### YOUR OBJECTIVE
In the records below, find the line that contains "Hiiinchi's tweet photo." and the line that contains "8 Hawaiian Drive Madison OH 44057", then retype exactly those two lines and every line between them.

### THE RECORDS
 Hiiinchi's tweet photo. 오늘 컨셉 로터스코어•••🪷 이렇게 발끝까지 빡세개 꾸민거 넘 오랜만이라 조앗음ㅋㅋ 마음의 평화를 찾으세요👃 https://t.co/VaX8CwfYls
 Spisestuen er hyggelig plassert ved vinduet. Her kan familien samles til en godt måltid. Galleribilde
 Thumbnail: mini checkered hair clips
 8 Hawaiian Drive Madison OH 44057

...

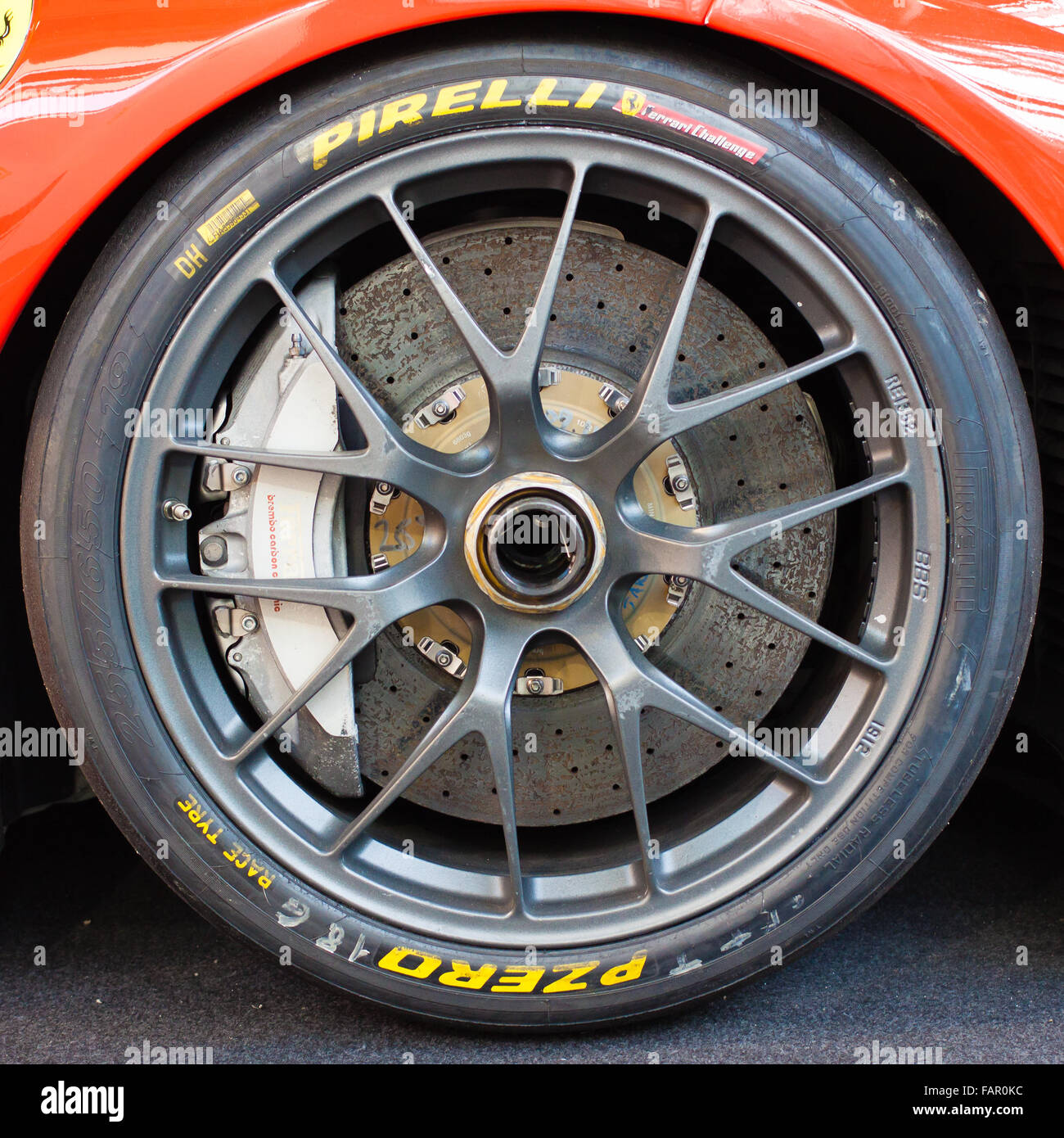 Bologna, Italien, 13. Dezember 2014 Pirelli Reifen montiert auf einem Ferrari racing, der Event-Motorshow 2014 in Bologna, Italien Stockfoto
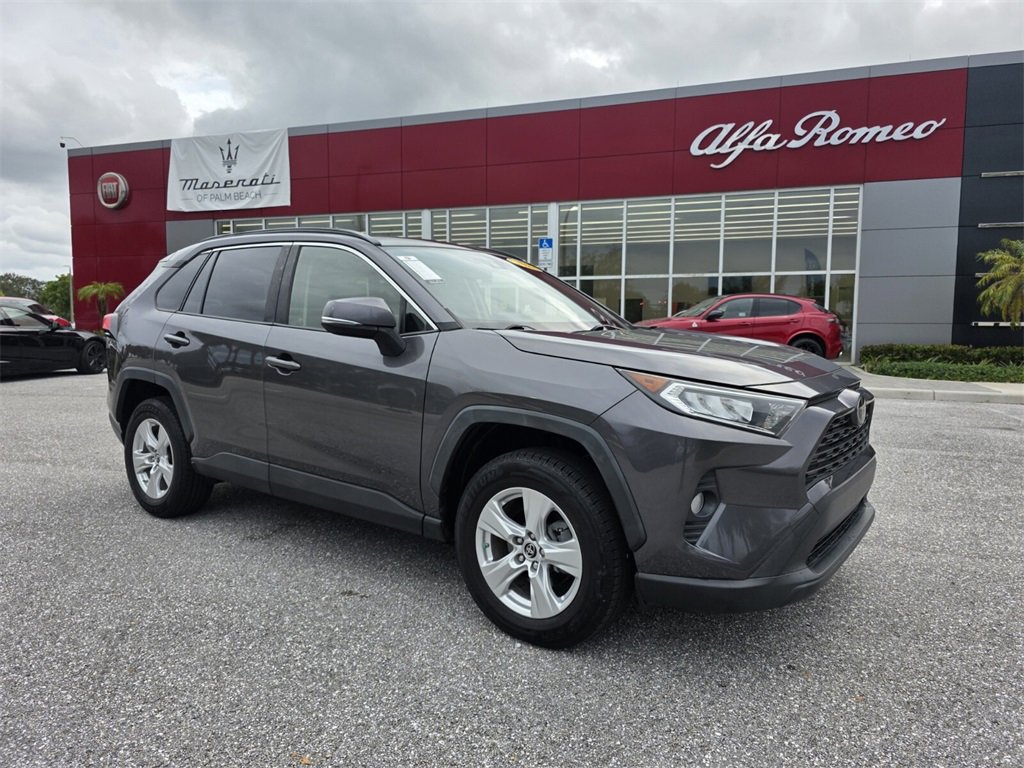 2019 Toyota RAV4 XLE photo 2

### ANSWER SECTION
 Hiiinchi's tweet photo. 오늘 컨셉 로터스코어•••🪷 이렇게 발끝까지 빡세개 꾸민거 넘 오랜만이라 조앗음ㅋㅋ 마음의 평화를 찾으세요👃 https://t.co/VaX8CwfYls
 Spisestuen er hyggelig plassert ved vinduet. Her kan familien samles til en godt måltid. Galleribilde
 Thumbnail: mini checkered hair clips
 8 Hawaiian Drive Madison OH 44057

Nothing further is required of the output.